Why not have a bash at each for a small subset of your problem and benchmark the results in terms of development time and run time? Then you can make an objective decision based on some relevant data ...or at least that's what I'd do :-)
There is a better comparison here (not a benchmark but shows ways of speeding up Python). NumPy is mostly written in C. The main advantage of Python is that there are a number of ways of very easily extending your code with C (ctypes, swig,f2py) / C++ (boost.python, weave.inline, weave.blitz) / Fortran (f2py) - or even just by adding type annotations to Python so it can be processed to C (cython). I don't think there are many things comparably easy for C# or Java - at least that so seemlessly handle passing numerical arrays of different types (although I guess proponents would argue since they don't have the performance penalty of Python there is less need to).
A lot of it is written in C or fortran. You can re-write the hot loops in C (or use one of the gazillion ways to speed python up, boost/weave is my favorite), but does it really matter?
Your scientific app will be run once. The rest is just debugging and development, and those can be much quicker on Python.
Most of NumPy is in C, but a large portion of the C code is "boilerplate" to handle all the dirty details of the Python/C interface. I think the ratio C vs. Python is around 50/50 ATM for NumPy.
I am not too familiar with vm-based low-level details, but I believe the interface cost would be higher because of the restrictions put on the jvm and the .clr.
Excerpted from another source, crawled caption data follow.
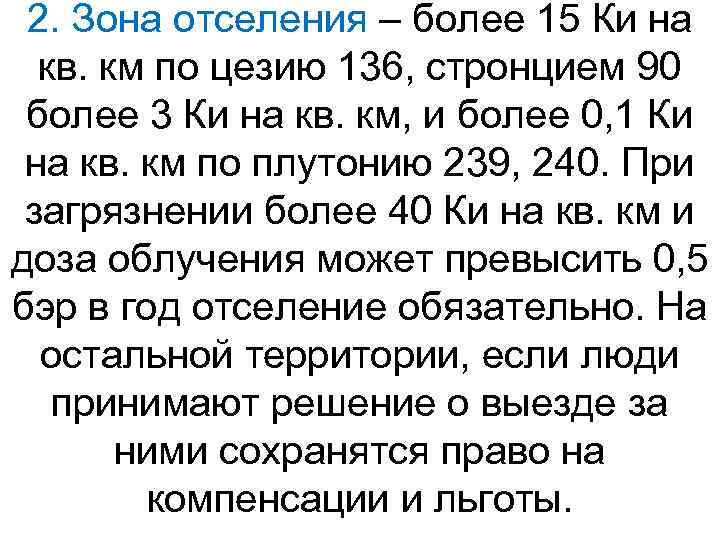 2. Зона отселения – более 15 Ки на кв. км по цезию 136, стронцием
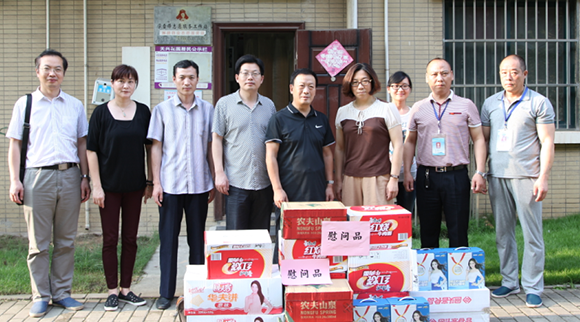 和记H88·(中国集团)app下载 - 怡情博娱官网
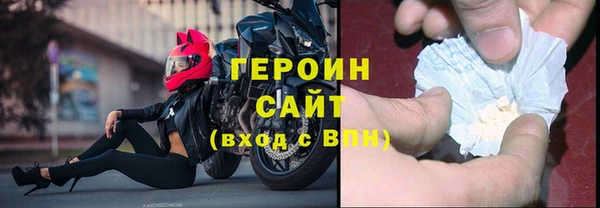 дурь Абдулино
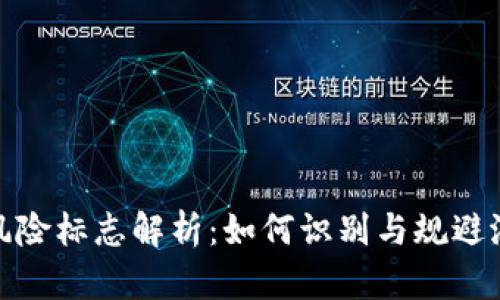 TP钱包风险标志解析：如何识别与规避潜在风险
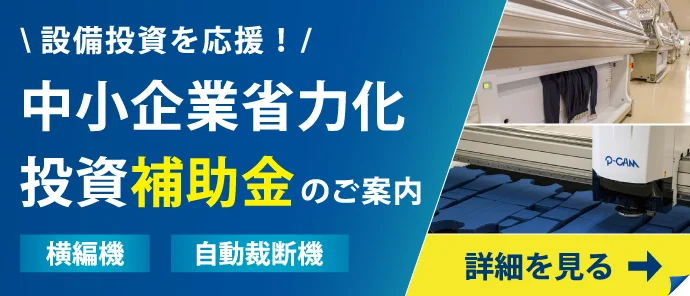 中小企業省力化投資補助金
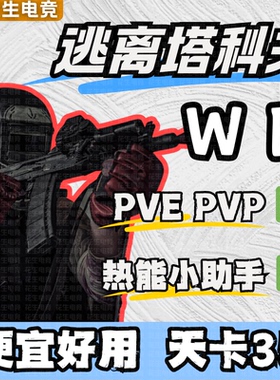 逃离塔科夫WE热能PVE/PVP魔法塔克夫Steam单卢布雷达稳定天周月AP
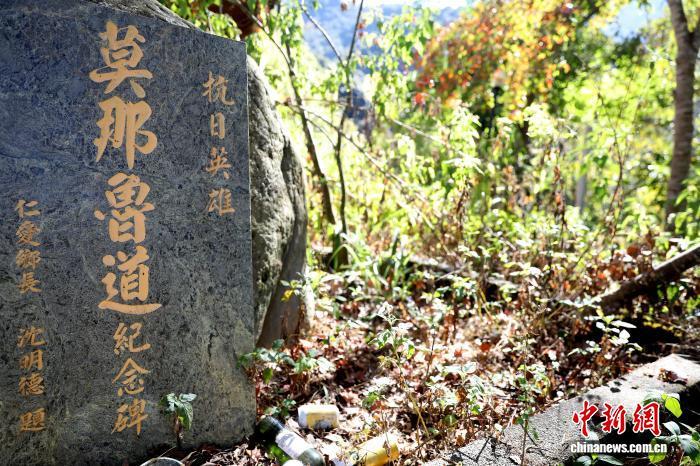 位于台湾南投县仁爱乡的马赫坡古战场，是莫那&middot;鲁道与族人的祖居地，也是“雾社起义”的最后战场。中新社记者 朱贺 摄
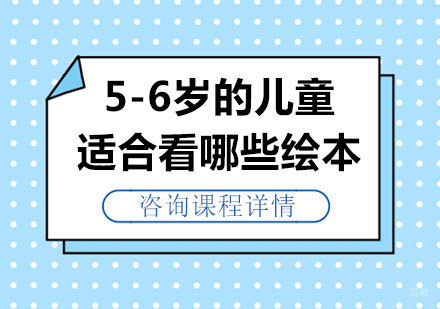北京儿童早教-5-6岁的儿童适合看哪些绘本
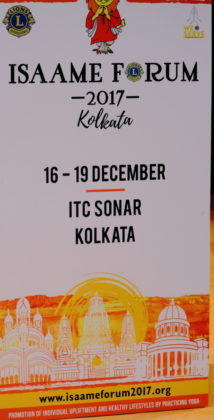 LIONS ISAAME Forum 2017 - Kolkata 3
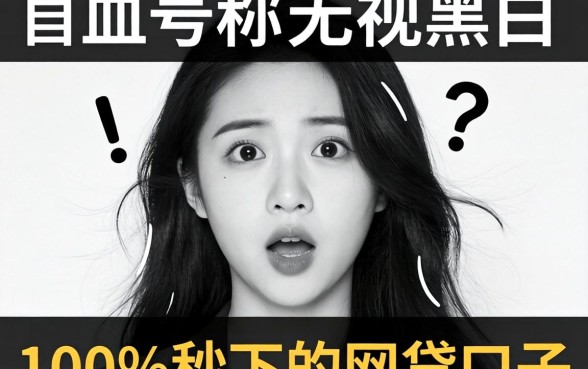 我试了那些号称无视黑白100%秒下的网贷口子,结果有点意外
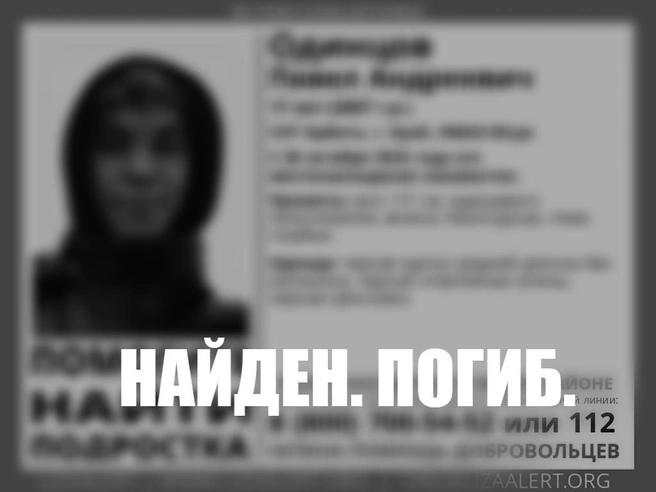 Поиски завершены | Источник: Поисково-спасательный отряд «ЛизаАлерт» ХМАО / «ВКонтакте»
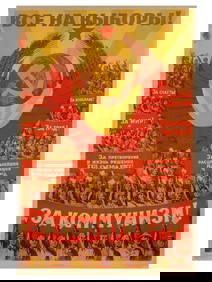 VINTAGE RUSSIAN SOVIET ERA COMMUNIST PROPAGANDA POSTER (1 of 8)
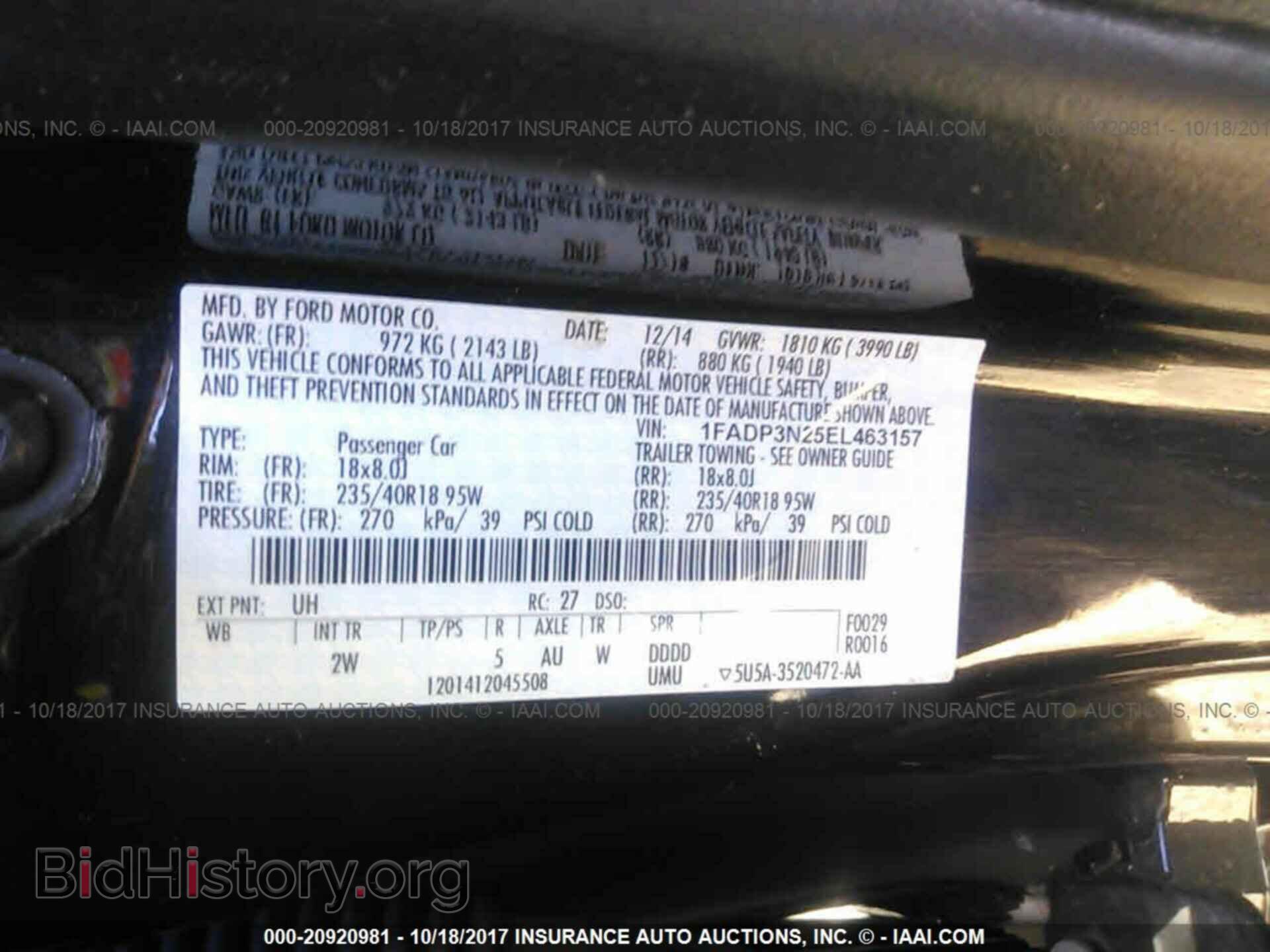 2014 Ford Focus - VIN: 1FADP3N25EL463157 - Фото 9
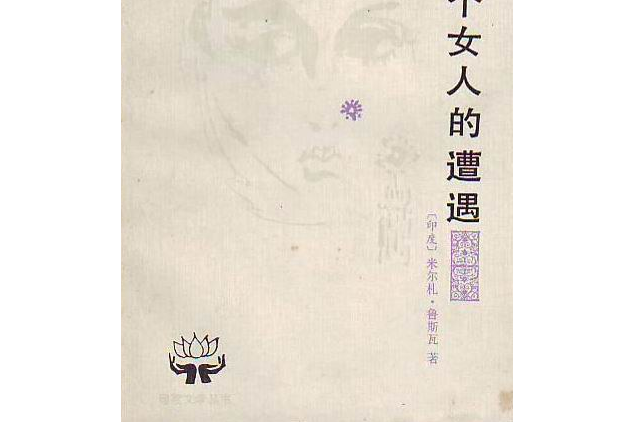 一個女人的遭遇(1987年人民文學出版社出版的圖書)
One of the reason why numpy is often faster than similar environments is the memory representation and how arrays are shared/passed between functions. Whereas most environments (Matlab and R as well I believe) use Copy-On-Write to pass arrays between functions, NumPy use references. But doing so in e.g. the JVM would be hard (because of restrictions on how to use pointer, etc...). It is doable (an early port of NumPy for Jython exists), but I don't know how they solve this issue. Maybe C++/Cli would make this easier, but I have zero experience with that environment.
It always depends on your own capability to handle the langue, so the language is able to generate fast code. Out of my experience, numpy is several times slower then good .NET implementations. And I expect JAVA to be similar fast. Their optimizing JIT compilers have improved significantly over the years and produce very efficient instructions.
numpy on the other hand comes with a syntax wich is easier to use for those, which are attuned to scripting languages. But if it comes to application development, those advantages often turn to obstacles and you will yearn for typesafety and enterprise IDEs. Also, the syntactic gap is already closing with C#. A growing number of scientific libraries exist for Java and .NET.Personally I tend towards C#, bacause it provides better syntax for multidimensional arrays and somehow feels more 'modern'. But of course, this is only my personal experience.